Label Indonesia sebagai negara agraris perlu dikaji ulang dengan memperhatikan berbagai faktor dan fakta yang ada saat ini. “Orang bilang tanah kita tanah surga .. tongkat kayu dan batu jadi tanaman” merupakan penggalan lirik lagu “Kolam Susu” yang dinyanyikan Koes Plus pada era tahun 70’an, pastinya sudah tidak cocok lagi dengan kondisi sekarang. Pekerjaan sebagai petani tidak lagi memberikan kebanggaan pada diri sendiri, keluarga maupun masyarakat. Apalagi kalau sektor ini menjadi mata pencaharian utama untuk mendukung ekonomi keluarga, bisa dikatakan bahwa keluarga petani masih berada di bawah batas hidup yang layak. Sebenarnya kalau kita melihat angka-angka capaian dalam indikator pembangunan pertanian Indonesia, antara lain; produktivitas tanaman pangan pokok, rasio impor – ekspor dan indeks daya saing produk pertanian, nilai tukar petani, sumbangan PDB sektor pertanian dibanding dengan sektor lain, serta laju konversi lahan pertanian menjadi non-pertanian per tahun, memberikan kesimpulan bahwa kita harus melakukan perubahan paradigma (reorientasi dan re-design) pembangunan pertanian yang paling mendasar.

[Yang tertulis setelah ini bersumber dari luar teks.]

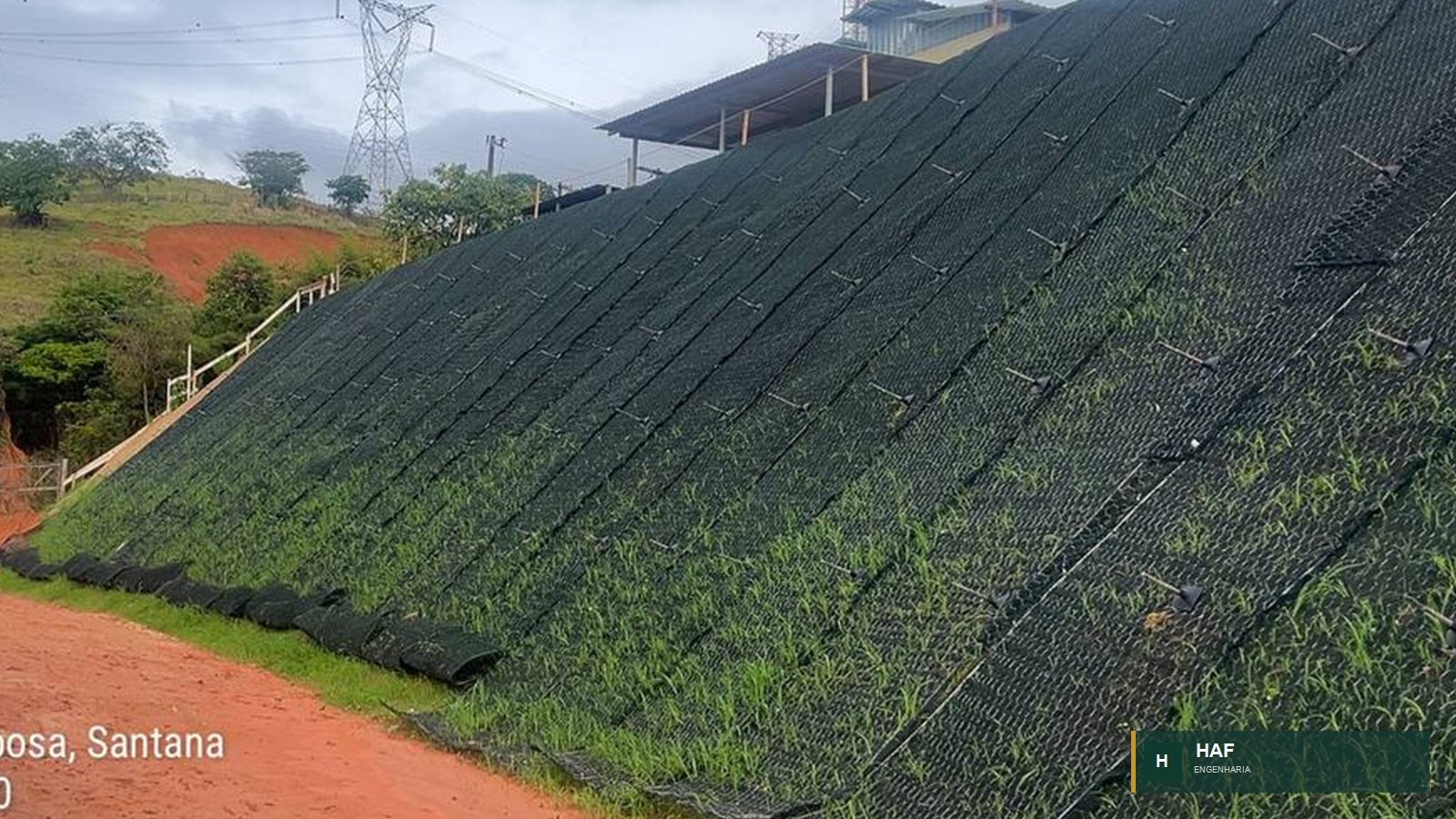 Solo grampeado verde com biomanta, grampos aparentes e vegetação inicial no talude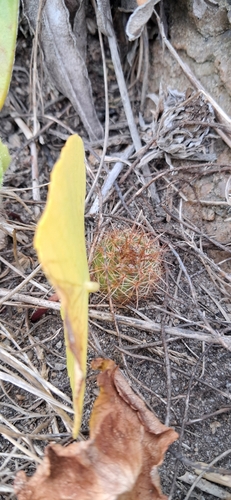 Cactus (Parodia concinna)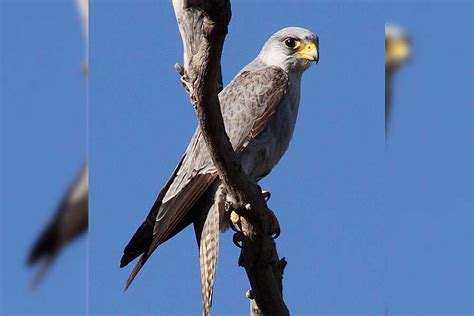 Grey Falcon Tour Bellbird Tours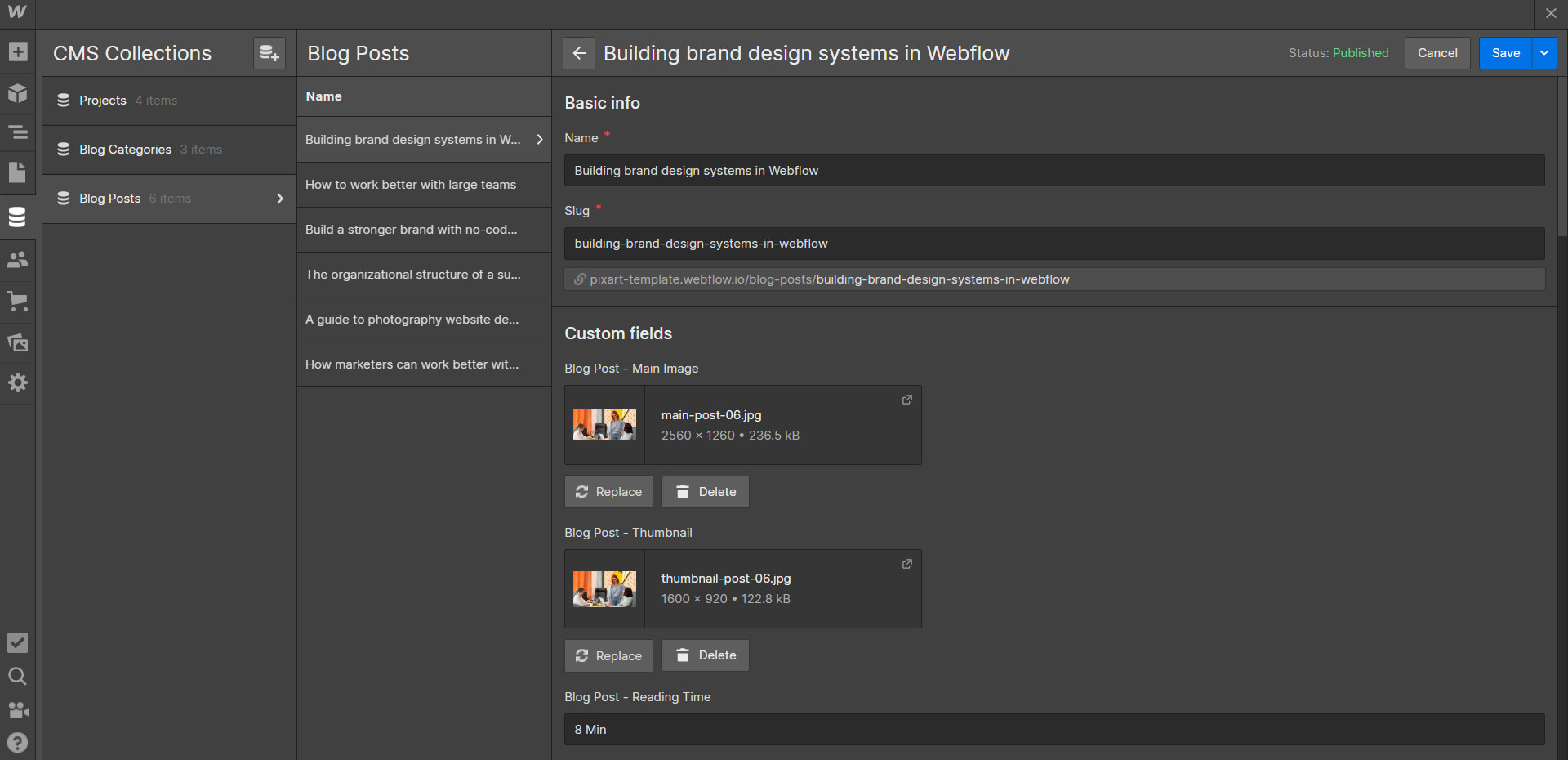 CMS Instructions - Pixart Webflow Template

Pembangunan pertanian selama ini masih pada tataran pemenuhan sarana prasarana fisik untuk meningkatkan produktivitas dan kualitas, misalnya; pengadaan alat dan mesin pertanian, subsidi pupuk, sarana saluran irigasi, yang tentunya untuk kepentingan pengukuran capaian kinerja serapan anggaran mudah untuk dilakukan. Kita belum bisa mendapatkan bukti nyata dampak positif yang signifikan. Belum ada perubahan nyata terkait dengan indikator makro sektor pertanian kita sehingga mampu bersaing dengan negara-negara tetangga kita.

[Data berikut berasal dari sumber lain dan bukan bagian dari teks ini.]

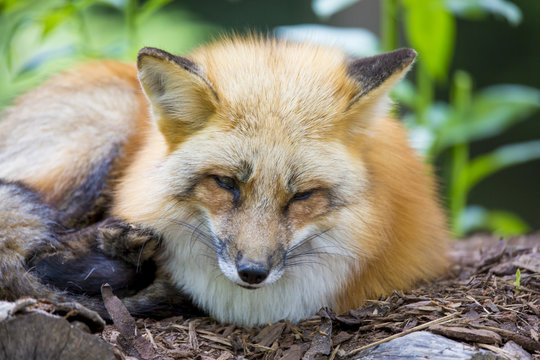 1 385 Best Renard Roux Images Stock Photos Vectors Adobe Stock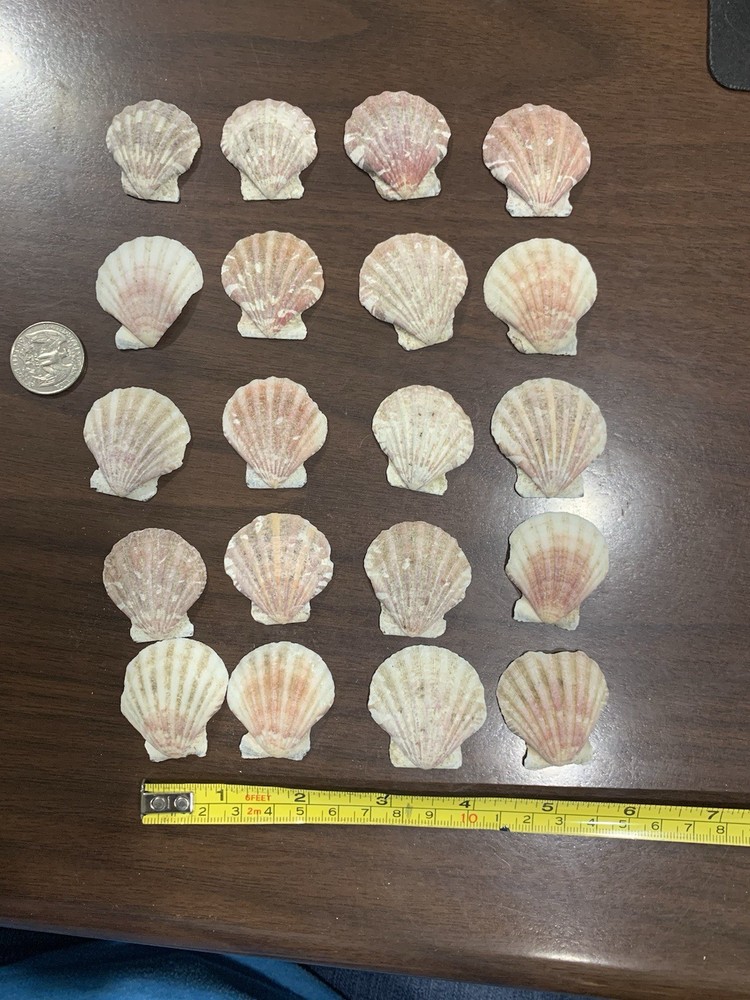 20 Small Various colored Scallop Sea Shells most 1.5”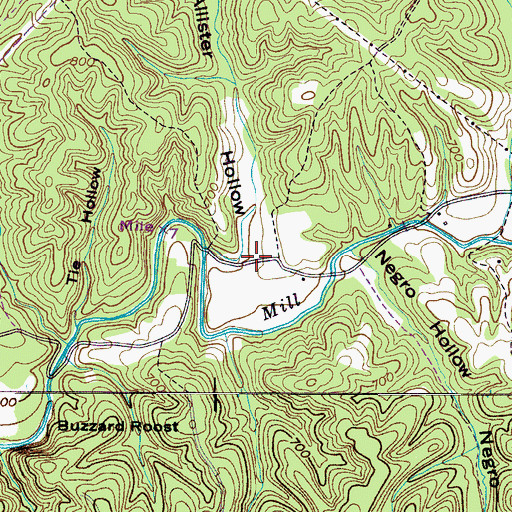 Topographic Map of McAllister Hollow, TN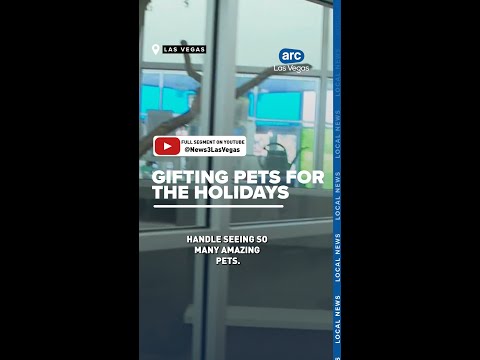 Holiday pet giving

Solusi yang telah banyak dikemukakan oleh para pakar bidang pertanian di Indonesia, baik yang berasal dari perguruan tinggi maupu badan litbang terkait sebenarnya memberikan angin segar bagi perubahan arah kebijakan pembangunan pertanian Indonesia. Perubahan kondisi global terkait dengan sistem pertanian memberikan dukungan yang kuat untuk kita berubah, salah satunya berkembangnya konsep bio-economy, green economy, circular economy (BGC economy) yang pada intinya memberikan peran lebih dominan sektor pertanian sebagai basis pertumbuhan ekonomi suatu negara. Optimalisasi sistem pertanian dan sumberdaya pendukungnya memegang peranan dalam penentuan kebijakan “new agricultural system” di Indonesia. Banyak referensi terkait dengan pengembangan konsep BCG economy yang pada dasarnya bisa digambarkan seperti dalam Gambar 1.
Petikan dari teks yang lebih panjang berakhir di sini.